→ Exercise data

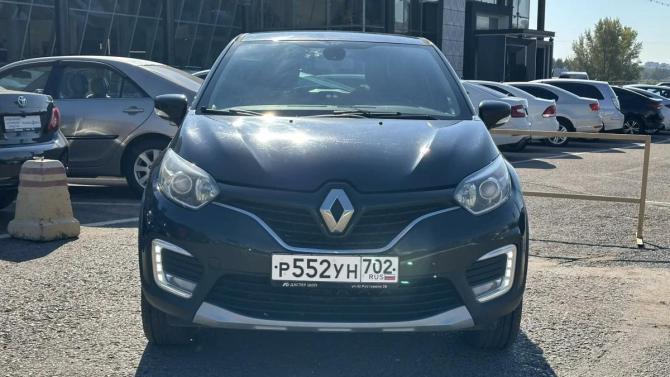 Renault Kaptur I с пробегом 2018 года, цена 1 530 000 рублей, 129000 км, внедорожник, Автокод Объявления
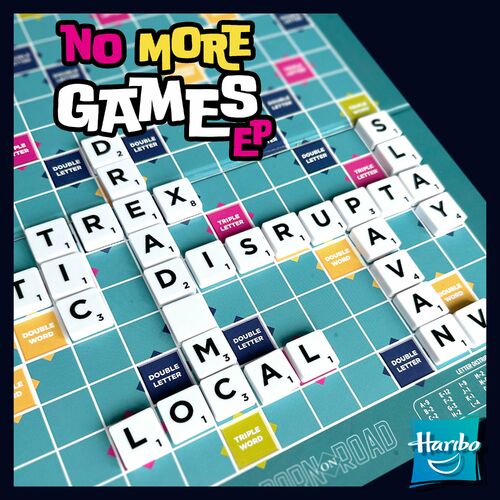 Haribo - No More Games (2023) 
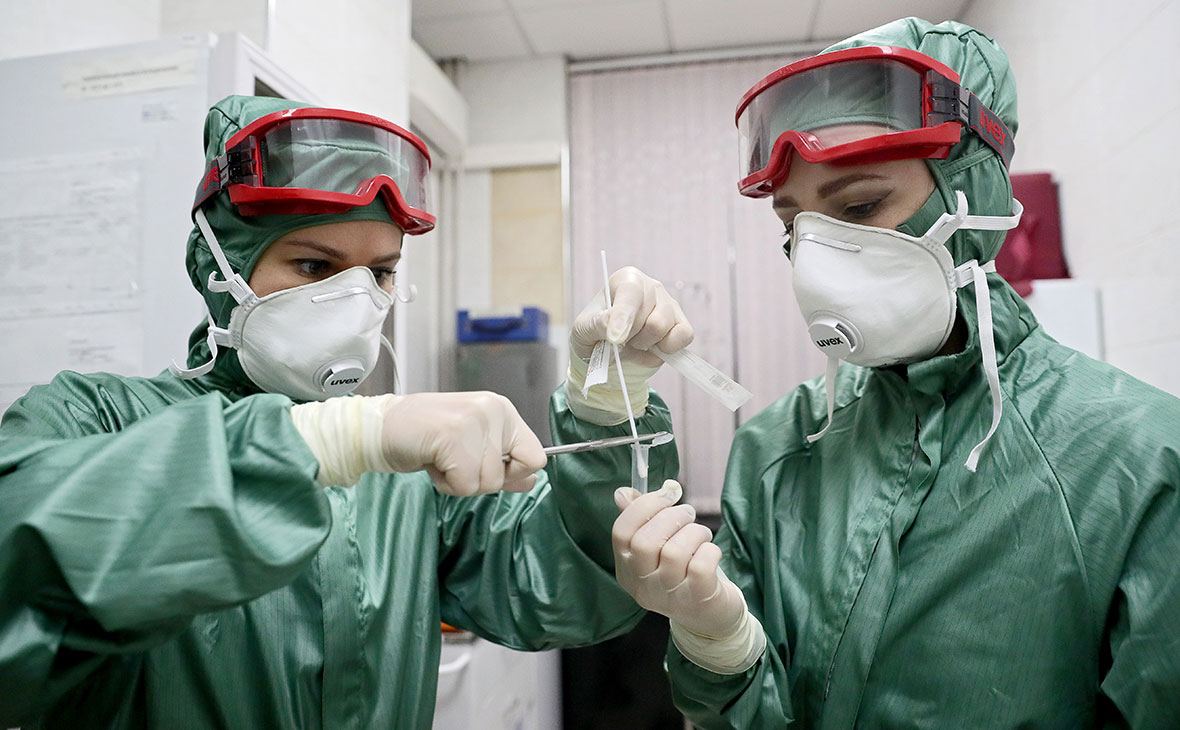 В Ташкенте снова за сутки было выявлено почти 130 новых заболевших коронавирусом — статистика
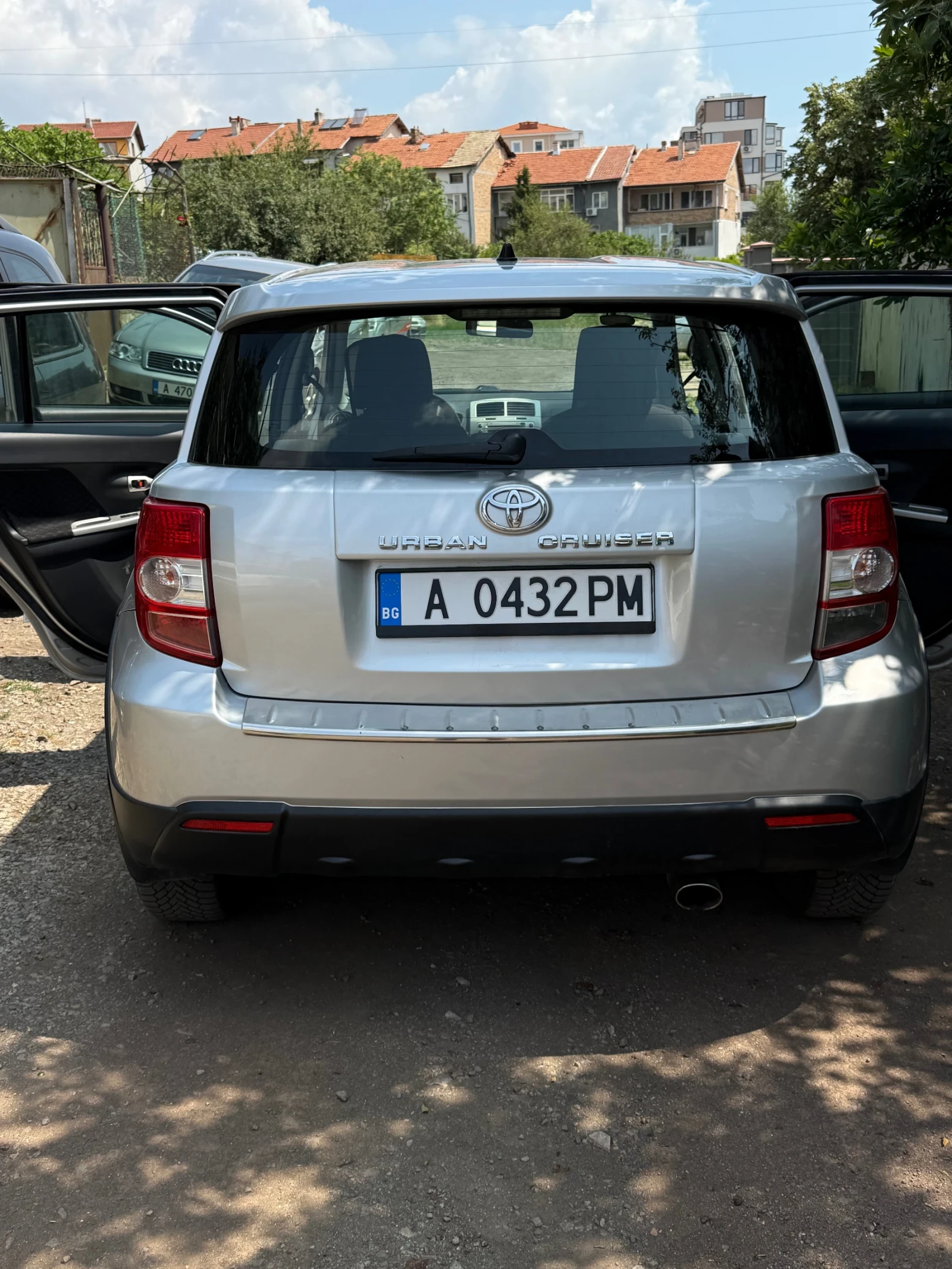 Toyota Urban Cruiser  - изображение 6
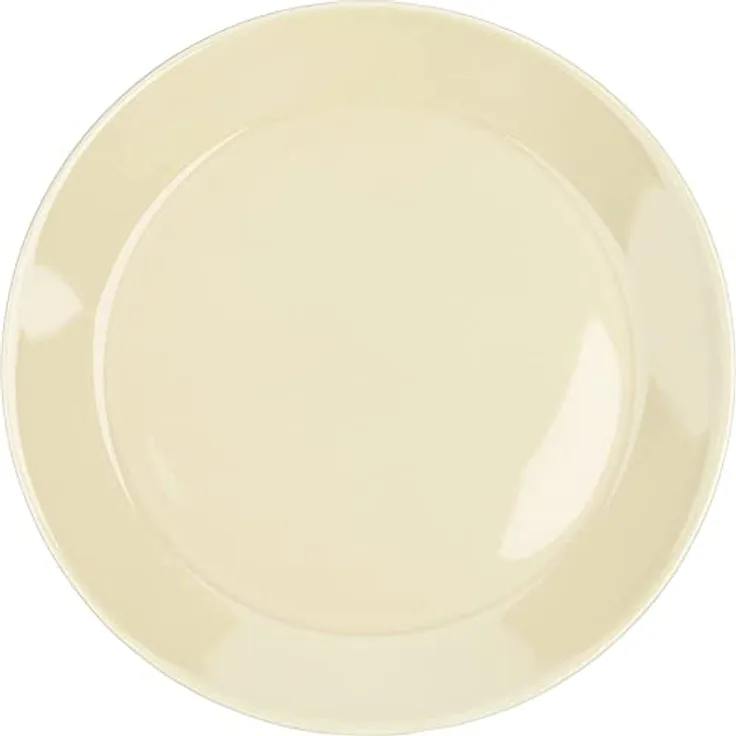 iittala Teema leinen Teller flach 21 cm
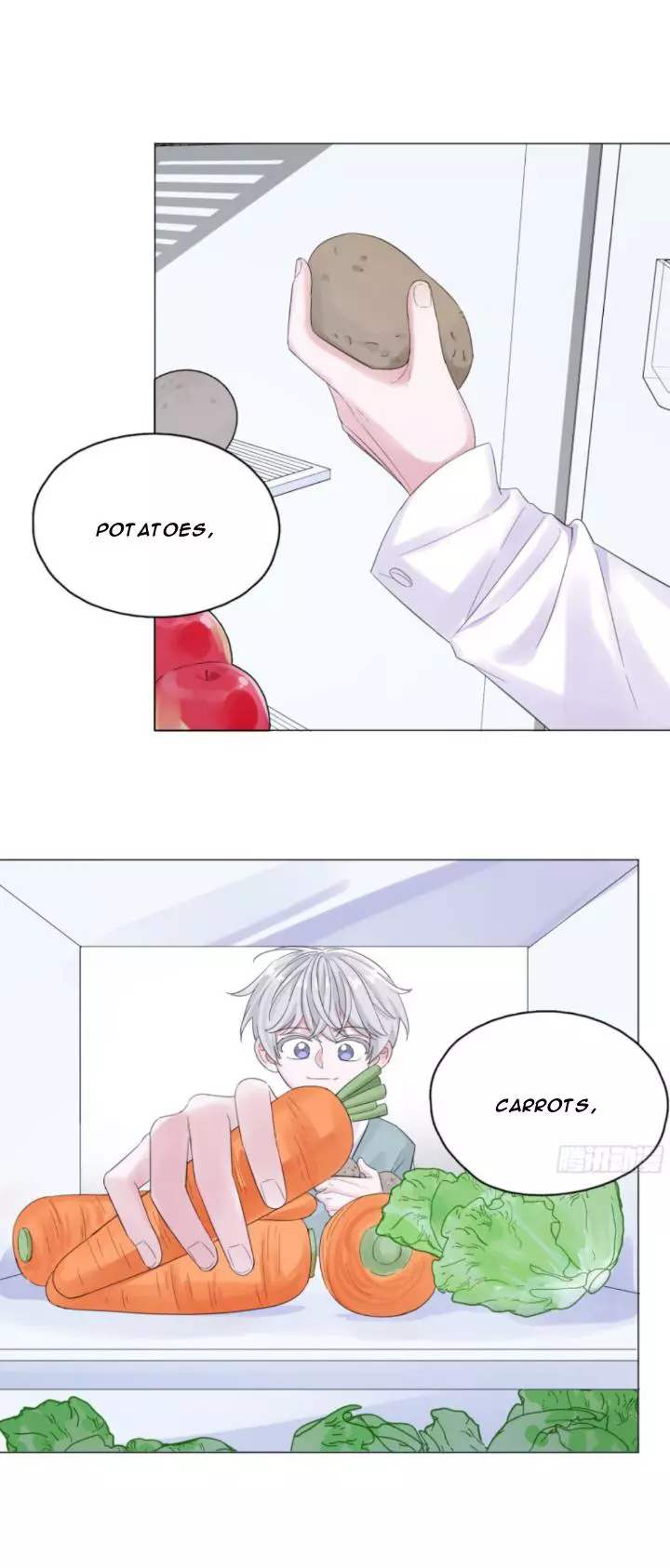 An Emperor Persistently Pursuits The Twelfth Wife Chapter 5 page 30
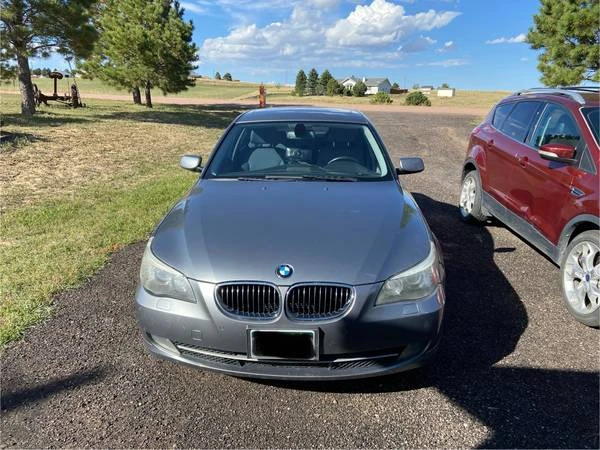 2010 BMW E60 5 Series Sedan - Image 2 of 21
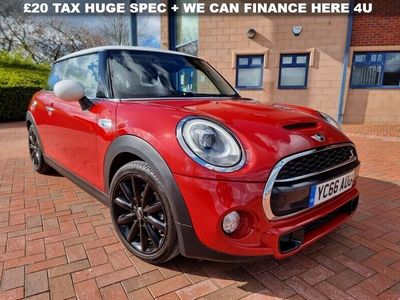 used Mini Cooper SD Hatch 2.03d 168 BHP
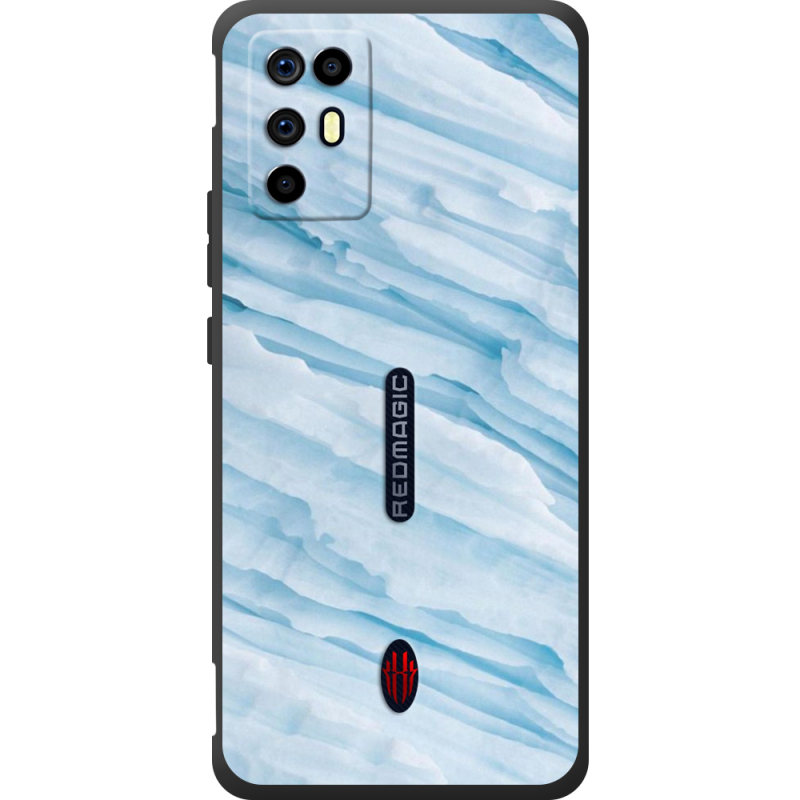 Чохол BoxFace Nubia RedMagic 6R 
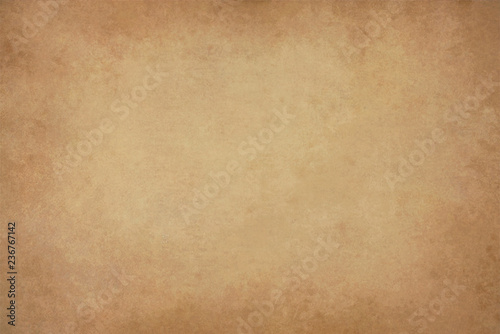 Canvas brown orange hand-painted backdrops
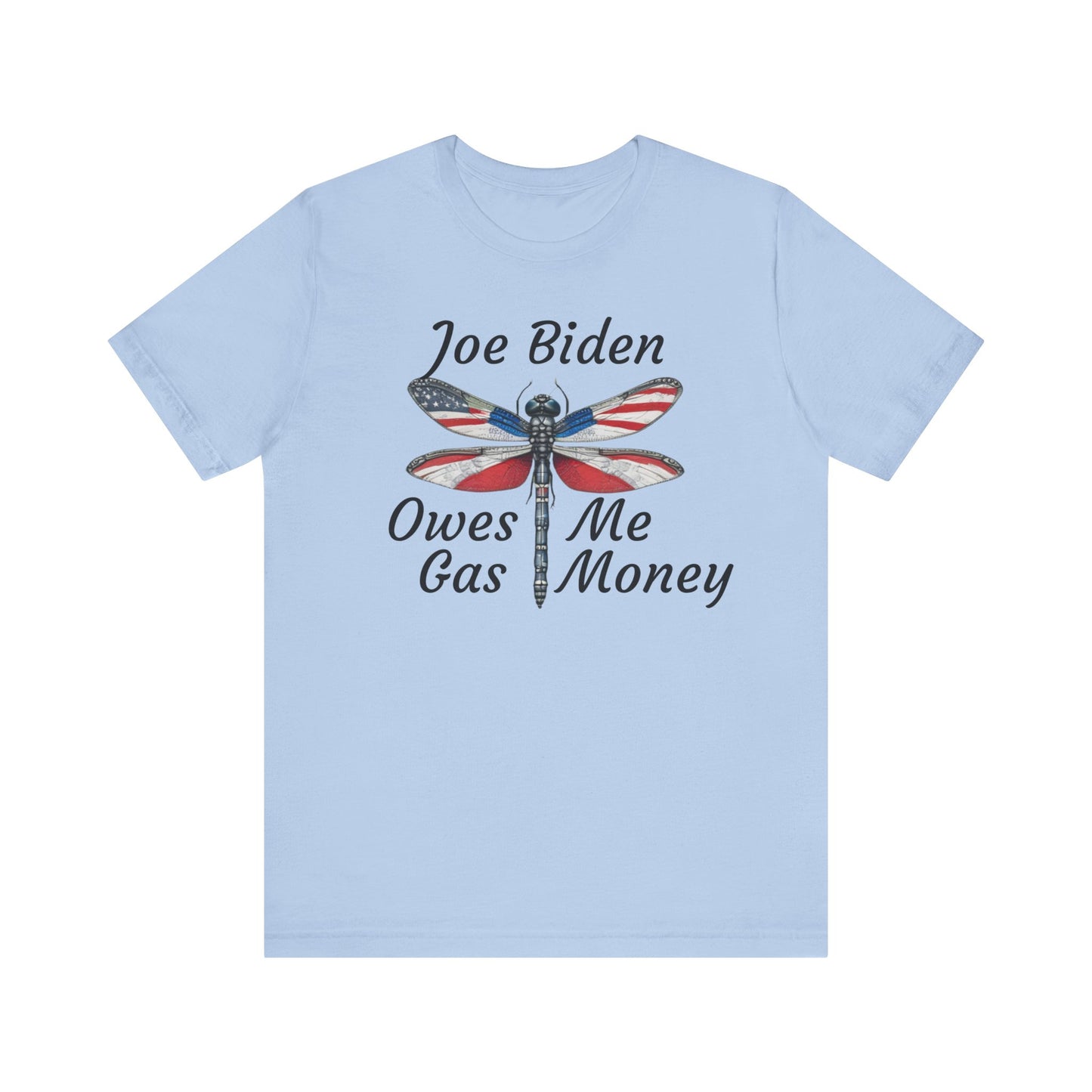 Gas Money Jersey Short Sleeve Tee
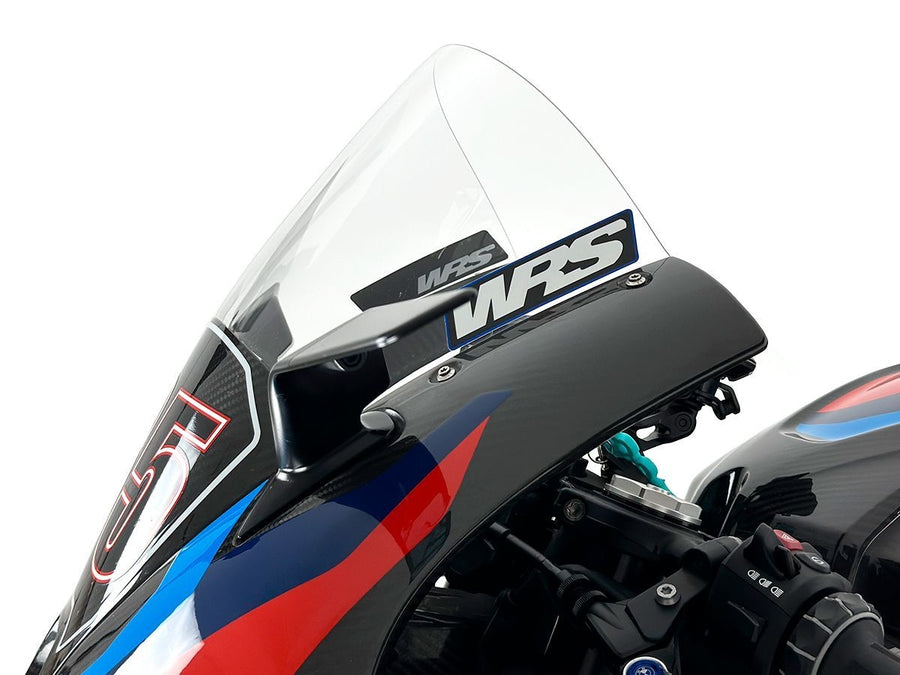 BMW M 1000 RR [2023-2024] - Racing Windschild Standardhöhe – Ansicht 12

→ Work to complete
The listing above, line by line: print it exactly, but not its pictures.

→ Output
 Renault Kaptur I с пробегом 2018 года, цена 1 530 000 рублей, 129000 км, внедорожник, Автокод Объявления
 Haribo - No More Games (2023) 
 В Ташкенте снова за сутки было выявлено почти 130 новых заболевших коронавирусом — статистика
 Toyota Urban Cruiser  - изображение 6
 iittala Teema leinen Teller flach 21 cm
 An Emperor Persistently Pursuits The Twelfth Wife Chapter 5 page 30
 2010 BMW E60 5 Series Sedan - Image 2 of 21
 used Mini Cooper SD Hatch 2.03d 168 BHP
 Чохол BoxFace Nubia RedMagic 6R 
 Canvas brown orange hand-painted backdrops
 Gas Money Jersey Short Sleeve Tee
 BMW M 1000 RR [2023-2024] - Racing Windschild Standardhöhe – Ansicht 12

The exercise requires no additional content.